The world’s leading publication for data science, AI, and ML professionals.

Data Science at The 2022 World Cup

How Data Levels the Playing Field

Opinion

The 2022 FIFA World Cup is well underway! One of the things I love about sport, in general, is that in so many ways, each game, season, and tournament, can be seen as a microcosm of the business world.

From a Data Science perspective, there’s a big data revolution underway in football. The biggest teams in football are either building or bulking up their Data Science departments. Broadcasts are starting to introduce some meaningful statistics that have, at least some, substance. Analytics websites are popping up everywhere with vast quantities of interesting data to sink your teeth into [1].

It’s a data revolution that happened much earlier in some other sports. In particular, in baseball where many Data Scientists reference Michael Lewis’s Moneyball and Nate Silver (The Signal and The Noise, __ FiveThirtyEight, PECOTA) as inspiration for what Data Science is capable of in both sport and Business.

But much of what made statistics so successful in baseball doesn’t translate easily to football. Baseball is made up of discrete events. Football is intrinsically fluid. It’s hard to break a football game into discrete events, though much progress has been made. From a statistical point of view, football has an extra layer of abstraction compared to baseball.

Fluidity and abstractness are a big part of what slowed down the Data revolution in football. But, it also makes a much better mirror towards Data Science in business. In business, most of what Data Scientists are trying to do can be boiled down to turning some fluid, abstract, ill-defined concept, into concrete models and numbers that can be more easily understood.

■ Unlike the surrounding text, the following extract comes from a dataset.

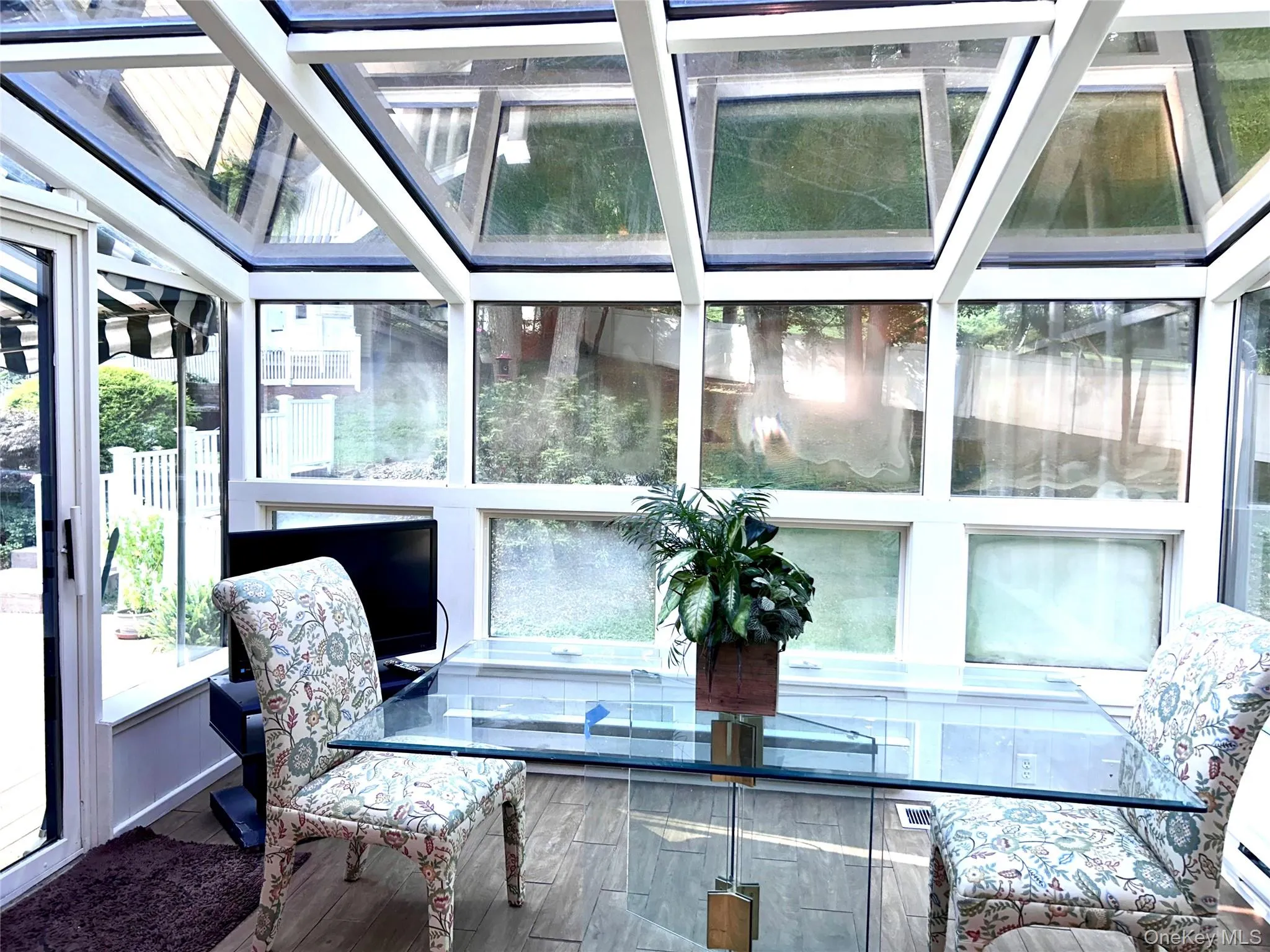 120 Cedar Drive, Ossining, NY, 3 Bedrooms Bedrooms, 10 Rooms Rooms,3 BathroomsBathrooms,Residential,For Rent,Cedar,0,1023729 120 Cedar Drive, Ossining, NY, 3 Bedrooms Bedrooms, 10 Rooms Rooms,3 BathroomsBathrooms,Residential,For Rent,Cedar,0,1023729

That’s not to bash baseball. The success of Data Science in baseball was a necessary step for the building of Data Science in football, and even in the business community. In fact, The Signal and The Noise resonates with me in many of the challenges I have faced in Data Science. Nate Silver’s success in baseball and politics makes me feel that there’s such a powerful role for Data Science solutions in the world today.

So, while Data Science is still building momentum in football, there are some fascinating trends emerging at the World Cup that speak to Data Science as a whole. One of which is the uptick in major upsets. In the first 32 games of the World Cup 2022, there were 11 matches that could have potentially produced a significant upset and 2 that actually did, while the World Cup 2018 had produced 0 upsets at the same stage.

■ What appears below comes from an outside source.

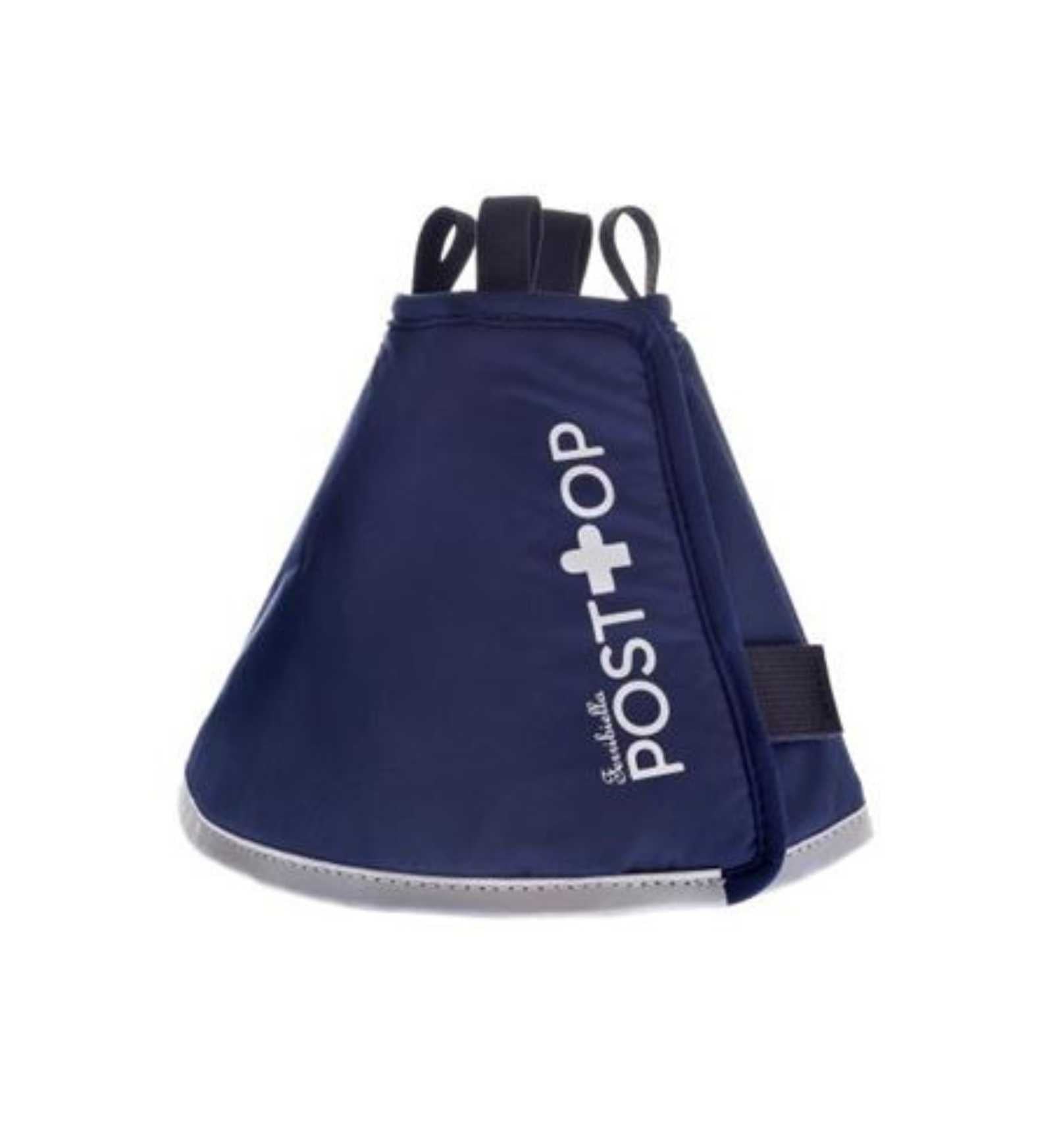 FERRIBPOP02XL_1__Server-Mago_Mago4_Custom_Companies_ZOOEXPERT_SRL_Applications_ERP_Items_Files_Images_AllUsers_POP02XL_01.jpg FERRIBPOP02XL picture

As data enters a new field we often see entrenched competitors hold onto their traditional behaviours and suffer for it. That’s because those traditions typically stem from the same set of entrenched competitors. Those traditions are what made those teams, those businesses, successful in the past. And those traditions, while often blindly followed, are generally the embodiment of institutional knowledge. They are behaviours that have slowly evolved, and continue to evolve, toward optimal solutions. That slow evolution protects entrenched competitors from dangerous mistakes but also inhibits their ability to innovate as quickly as the underdogs.

The power of Data Science is that it offers a faster way to an optimal solution. It lets the underdog quickly learn things that entrenched competitors spent dozens of years figuring out. Fundamentally, Data Science, done well, lets us quantify situations and quickly pull out meaningful patterns without having to experience each situation ourselves. With Data Science we can learn faster than ever before. We can level out the playing field for the underdogs.

So, for the entrenched competitor, it is a difficult situation when the data disagrees with existing traditions. Innovation, and learning, lives in those disagreements, but so do bad recommendations and mistakes. Furthermore, it can be embarrassing for entrenched competitors to act on innovative recommendations, because it’s an admission that some of their institutional knowledge is incorrect.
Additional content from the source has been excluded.